The history of Barletta begins with the ancient Roman city of Bardum (or Barlum), which blossomed in medieval times as a Norman fortress and reached its glory under the Angioine rule. During the war between the French and Spanish at the beginning of the sixteenth century, the city was the scene of historic events whilst during the Second World War it was the location of the first episode of Italian Resistance against the Nazi troops and for this it received important recognition from the country.

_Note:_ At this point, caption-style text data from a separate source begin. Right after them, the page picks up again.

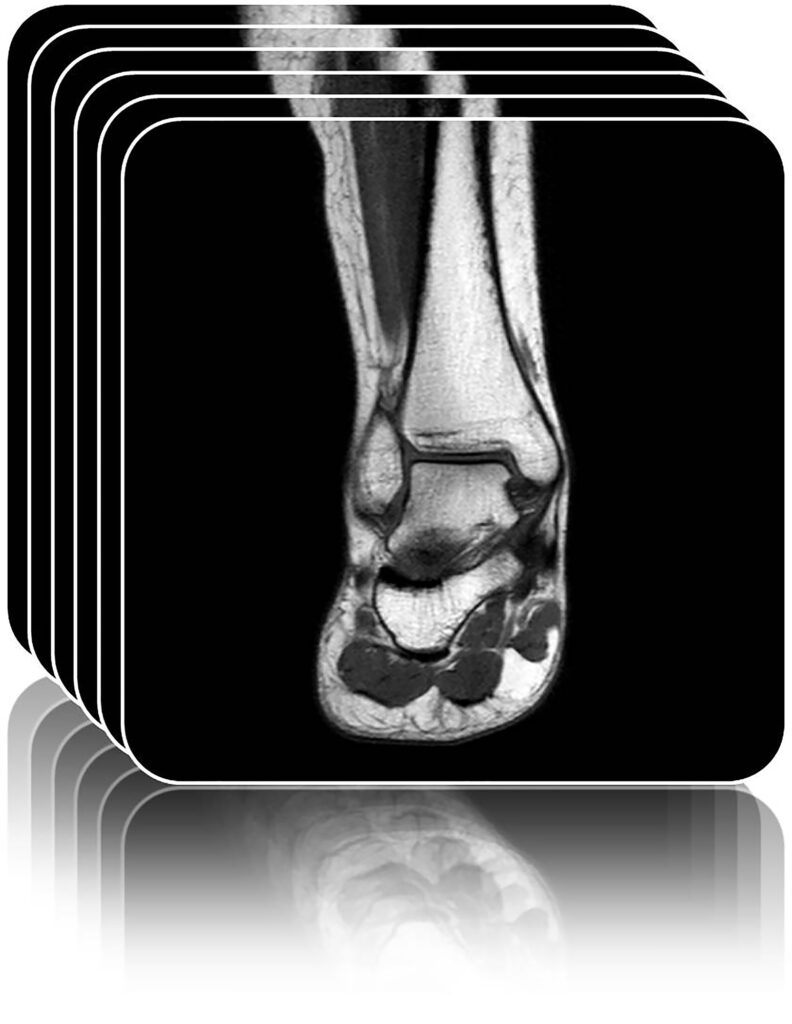 Ankle MRI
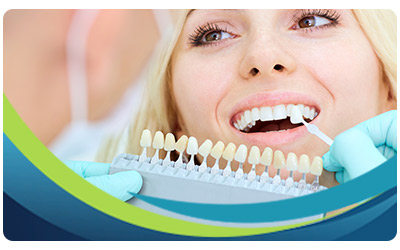 Porcelain Veneers Specialist Near Me in San Jose, CA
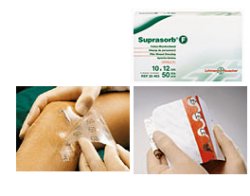 MEDICAZIONE STERILE IN FILM IN POLIURETANO TRASP. SUPRASORB F 10X12CM 10 PEZZI - Metafarm
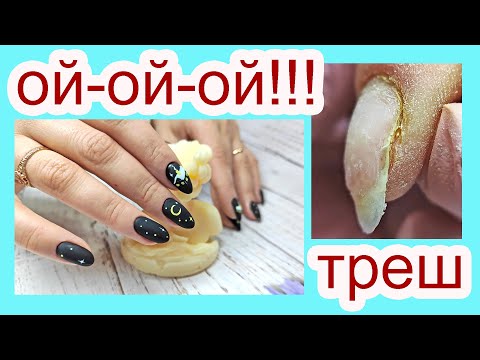 Видео: Точки вроста ПОКИНУЛИ ЧАТ🌸 сложная коррекция🌸 НА ХУТОР бабочек ловить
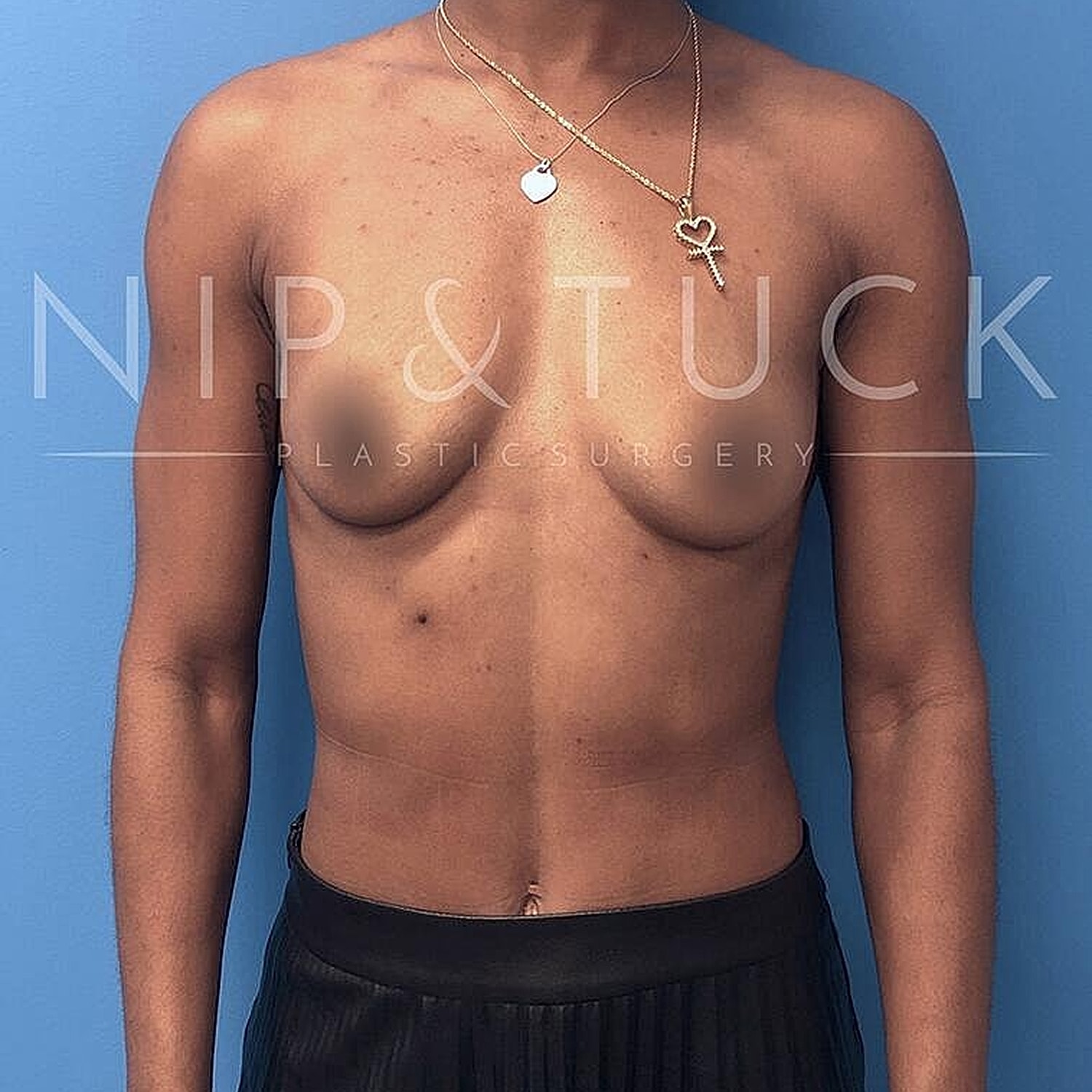 Breast Augmentation Before & After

As far as Andria is concerned it has been inhabited since prehistorical times. It may have been founded by the Greeks and in Roman times it was probably a station on the Via Traiana. It gained value under the rule of Frederick II, who favoured its development with tax benefits and exemptions. He chose the town as his official residence and commissioned the construction of the Castel del Monte fort. It became part of the Kingdom of the Two Sicilies and followed its destiny up until the Unification of Italy.
Trani is said to have been founded by Tirreno, son of mythology’s hero Diomede, whilst historic documents confirm that it was under Roman rule up until the end of the Western Roman Empire. Following events of varying fortune, during which it fell into the hands of the Greeks and the Normans, the city reached economic prosperity to the extent of being able to consider itself a commercial emporium between the Middle East and other Italian states. During the Norman-Svevo period, lasting more than two centuries, Trani gave its best demonstration of it economic potential by encouraging the constitution of conspicuous monumental legacy. After a brief period of Venetian rule, the city passed under the Spanish, who established it as a political, judiciary and administrative centre. During the 1700’s the city underwent heavy plundering by the French forces. This was the cause of the downfall of Traini and determined the choice of Bari as provincial capital.

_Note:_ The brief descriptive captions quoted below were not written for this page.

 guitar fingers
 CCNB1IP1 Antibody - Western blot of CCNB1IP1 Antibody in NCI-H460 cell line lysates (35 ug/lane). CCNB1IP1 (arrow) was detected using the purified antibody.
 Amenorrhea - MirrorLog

The cities and their monuments
Barletta has a very long sandy coastline with a commercial port that divides the East from the West; along the coastline there are various equipped beaches and hotels that provide excellent tourist services. The city’s principal monuments are the Castle, the colossal bronze Eraclio statue next to the Sepolcro church, the Cathedral, a magnificent example of fusion between romanic and gothic art, the disfida, the Palazzo Della Marra, a unique example of barocco leccese outside of the Salento area, and the Canne archaeological site.
In Andria the Cathedral should not be missed. It is built on a pre-existing place of worship dating back from the ninth century and has been rebuilt several times in ever changing styles after numerous occupations and destructions. There are numerous, different religious monuments: the churches of Sant’Agostino, San Francesco, San Domenico and Santa Maria di Porta Santa. Finally there is the Palazzo Ducale, which has been remodelled and extended over the centuries, the Clock Tower, built on a pre-existing look-out tower, and the Museo Diocesano, which hosts numerous liturgical furnishings and works of art (amongst which a Byzantine icon of the Virgin Mary with Child, Puglia’s most beautiful icon).

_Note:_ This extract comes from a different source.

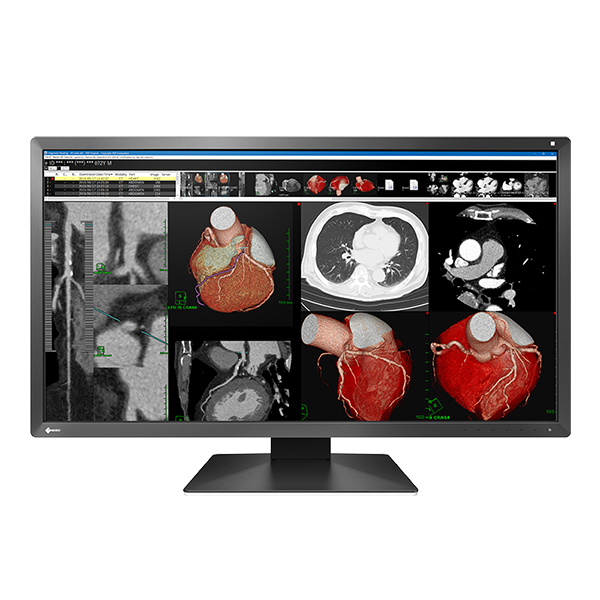Eizo MX317 Colour DICOM LCD Monitor 31"" 8.8MP # EIZO — view 2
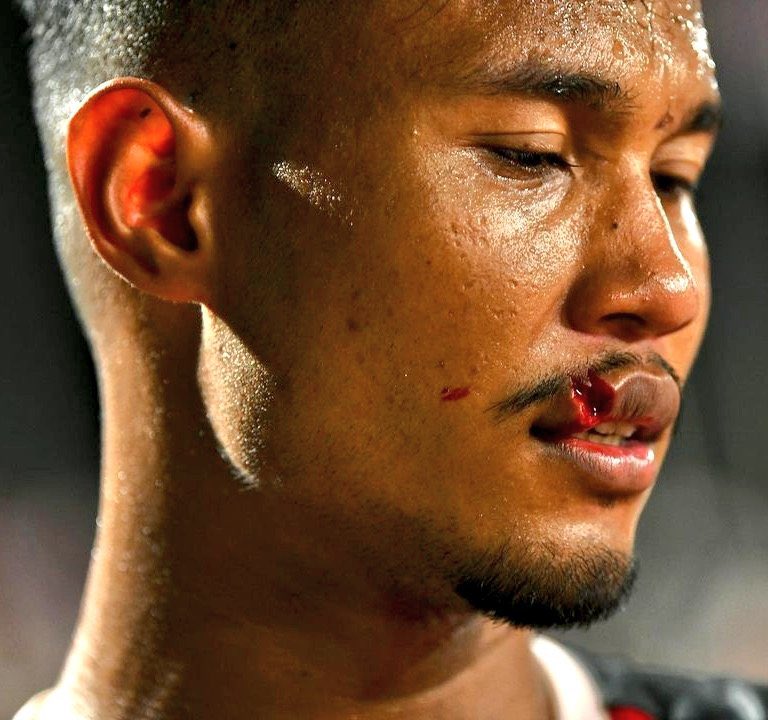 FaktaSepakbola's tweet photo. TW/BLOOD 🩸⚠️

Tweet Apresiasi kepada Bagas Kaffa, bermain full 120 menit di final dan sempat berdarah di bagian bibir.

Traini’s cathedral is probably the most beautiful and celebrated building in Romanic Puglia. The splendid background in which it lies, a beautiful and large piazza that faces out to sea, has almost certainly contributed to this reputation. In addition to this there are the Museo Diocesano and the Svevo castle, both important buildings. The first of these is equipped with a picture gallery, a room with sacred furnishing and funeral ceramics that mostly originate from the Canosa necropolis; the second building is rectangular shaped with corner towers of various sizes and is one of the few to have preserved the beauty of the original form.
The geographical area
On the outskirts of the three cities lie various monuments that testify the area’s rich history and culture. The Basilica di Santa Maria dei Miracoli, dating back to the 1500’s, was built above a cave that became its crypt; the Monument to the Disfida di Barletta is located where the battle between the 13 Italians commanded by Ettore Fieramosca and the 13 French soldiers took place: Castel del Monte is an example of the oldest Svevan architecture, with evident echoes of the Cisterna gothic style, and was built by Frederick II probably as a hunting residence, but was subsequently used principally as a prison. Among the main towns in this new province we should mention: Margherita di Savoia, famous for its tourist bathing and thermal sectors that have undergone considerable development, and Bisceglie, whose origins are testified in the buildings constructed in the medieval era by the Normans and subsequently restored by the Aragonese.